随后西门庆在厅上一片声叫平安儿。那平安儿走到跟前,西门庆骂道:“贼奴才,还站着?叫答应的!”就是三四个排军在旁伺候。那平安不知甚么缘故,唬的脸蜡查黄,跪下了。西门庆道:“我进门就吩咐你,但有人来,答应不在。你如何不听?”平安作了解释,西门庆骂道:“你这奴才,不要说嘴!你好小胆子儿!人进来,你在那里耍钱吃酒去来,不在大门首守着?”令左右:“你闻他口里。”那排军闻了一闻,禀道:“没酒气。”西门庆吩咐:“叫两个会动刑的上来,与我着实拶这奴才!”当下两个伏侍一个,套上拶指,只顾檠起来。拶的平安疼痛难忍,叫道:“小的委实回爹不在,他强着进来。
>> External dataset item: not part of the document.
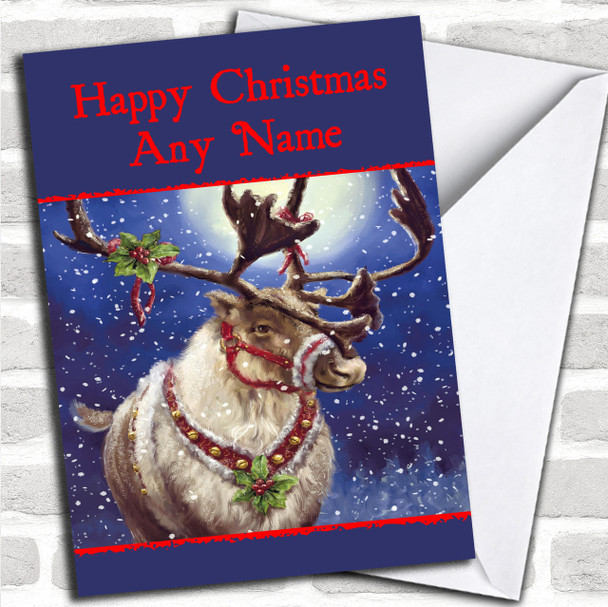 Snowing Reindeer Blue Christmas Card Personalized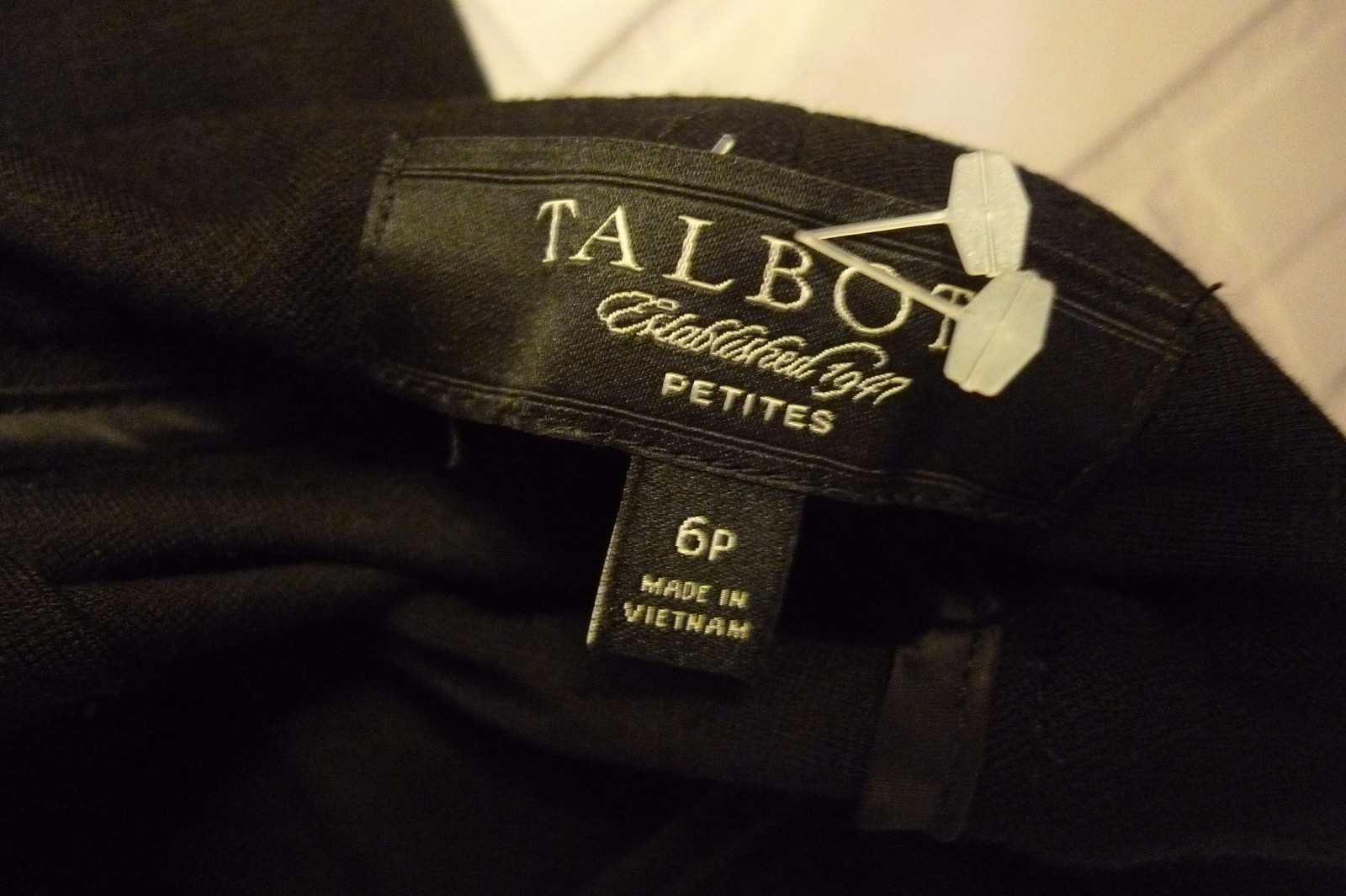 Talbots Petites Womens Size 10 Blue Dress Shirt 6P Black Stretch Pants Outfit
”那排军拶上,把绳子绾住,跪下禀道:“拶上了。”西门庆道:“再与我敲五十敲。”旁边数着,敲到五十上住了手。西门庆吩咐:“二十棍!”“须臾打了二十,打的皮开肉绽,满腿杖痕。那平安磕了头起来,提着裤子往外去了。”西门庆看见画童儿在旁边,说道:“把这小奴才拿下去,也拶他一拶子。”一面拶的小厮杀猪儿似怪叫。
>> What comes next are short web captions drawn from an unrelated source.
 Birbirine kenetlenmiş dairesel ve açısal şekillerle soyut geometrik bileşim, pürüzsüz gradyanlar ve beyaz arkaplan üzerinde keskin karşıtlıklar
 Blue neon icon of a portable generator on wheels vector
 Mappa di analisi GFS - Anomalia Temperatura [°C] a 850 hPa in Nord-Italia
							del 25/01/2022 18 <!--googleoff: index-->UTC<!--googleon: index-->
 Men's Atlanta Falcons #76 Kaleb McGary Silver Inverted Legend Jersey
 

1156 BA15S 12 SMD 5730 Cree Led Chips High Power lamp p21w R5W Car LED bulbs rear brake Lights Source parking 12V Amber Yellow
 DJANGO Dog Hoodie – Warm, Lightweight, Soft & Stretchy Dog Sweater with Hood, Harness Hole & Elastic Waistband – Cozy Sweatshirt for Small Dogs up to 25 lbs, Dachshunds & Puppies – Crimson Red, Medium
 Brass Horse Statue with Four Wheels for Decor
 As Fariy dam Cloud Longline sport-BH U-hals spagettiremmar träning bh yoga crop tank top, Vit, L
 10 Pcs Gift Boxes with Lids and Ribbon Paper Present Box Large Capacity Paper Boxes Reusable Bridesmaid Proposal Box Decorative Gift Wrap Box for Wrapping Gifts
通过这一段故事读者可以看到:西门庆借故打了平安,拶了指,敲了五十敲,比对通奸的陈参政家的小姐敲的多得多,还打了二十棍,打的皮开肉绽。故事情节堪与狼要吃小羊的故事相比,拶画童更没道理。这不禁使人想到琴童因跟潘金莲私通而被打的故事;而这则是揭发者挨了打。平安因为向潘金莲揭发了书童跟西门庆之间的可耻行为,更重要的是因为他揭发了书童跟李瓶儿私下喝酒的事。这个不公平的故事更使人相信李瓶儿和书童的得宠,更使人相信李瓶儿跟书童间的关系确实暧昧。所以,潘金莲反复强调:“如今这家中,他心肝疙蒂儿偏欢喜的只两个人,一个在里,一个在外,成日把魂恰似落在他身上一般”,指的就是李瓶儿跟书童。她还特别强调:“那怕蛮奴才到明日把一家子都收拾了”.“收拾”的意思就是发生了不正当男女关系,所以玉楼笑道:“好说,虽是一家子,有贤有愚,莫不都心邪了罢?”玉楼这话等于承认有人已经心邪了,那就是李瓶儿。值得注意,潘金莲还特别强调“到明日弄出什么八怪七喇出来”,这就预示了李瓶儿跟书童还牵扯到私生子的事。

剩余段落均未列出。